Obama's college plan, first mentioned in his State of the Union address, was packaged as an answer to the unemployment problems of young Americans. Only four percent of college graduates are unemployed he said. The goal of Obama's plan is to make higher education more accessible by encouraging colleges to make it more affordable. Packaged in this manner you can understand the outrage when Santorum questioned Obama's motives calling him a snob. In an appearance on Glenn Beck Santorum said "I understand why Barack Obama wants to send every kid to college because their indoctrination mills, absolutely. The indoctrination that is going on at the University level is a harm to our country." The statistics present a more complicated situation than you hear in the public debate. Yes, young Americans who do not go to college struggle to practice their faith as well. Some statistics suggest that every year of higher education equals a greater likelihood of believing in God. However, the analysis of the stats presented by Billy Hallowell at the Blaze suggests that the statistics show college educated Americans are more likely to be liberal in their ideas with each year of education. There is support for Santorum's concern about indoctrination but to focus on that misses Santorum's more fundamental message regarding education.
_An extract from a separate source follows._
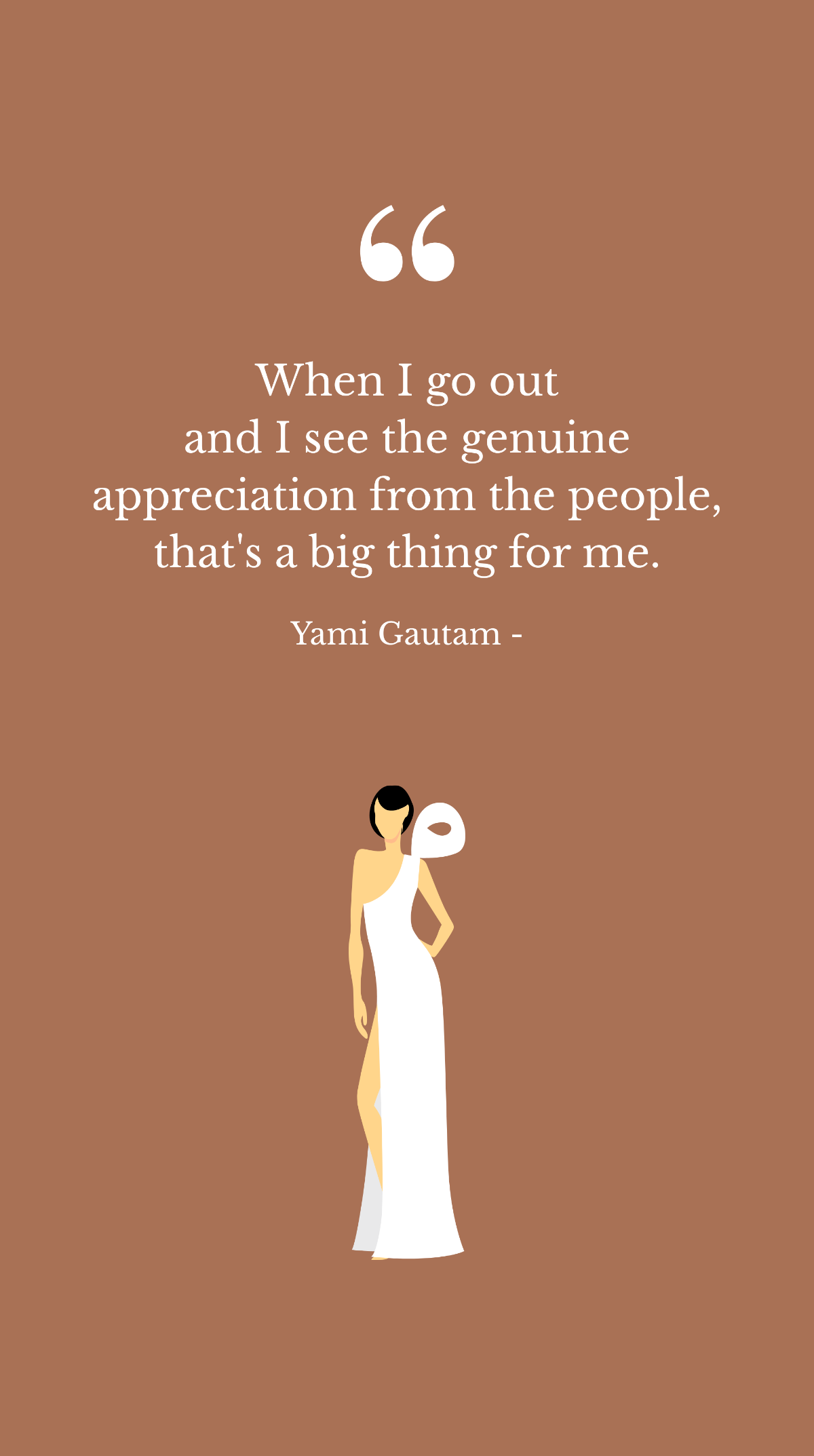 Yami Gautam - When I go out and I see the genuine appreciation from the people, that's a big thing for me. Template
The point here is about more than the impact on the religious practice of students; its about the pursuit of happiness and a healthy economy.
Santorum clarifies his comments in an interview with Stephanopolous:
I think because there are lot of people in this country that have no desire or no aspiration to go to college, because they have a different set of skills and desires and dreams that don't include college. And to sort of lay out there that somehow this is -- this is -- should be everybody's goal, I think, devalues the tremendous work that people who, frankly, don't go to college and don't want to go to college because they have a lot of other talents and skills that, frankly, college, you know, four-year colleges may not be able to assist them. And there are other -- there's technical schools, there's additional training, vocational training. There's skills and apprenticeships. There's all sorts of things that people can do to upgrade their skills to be very productive and build their community.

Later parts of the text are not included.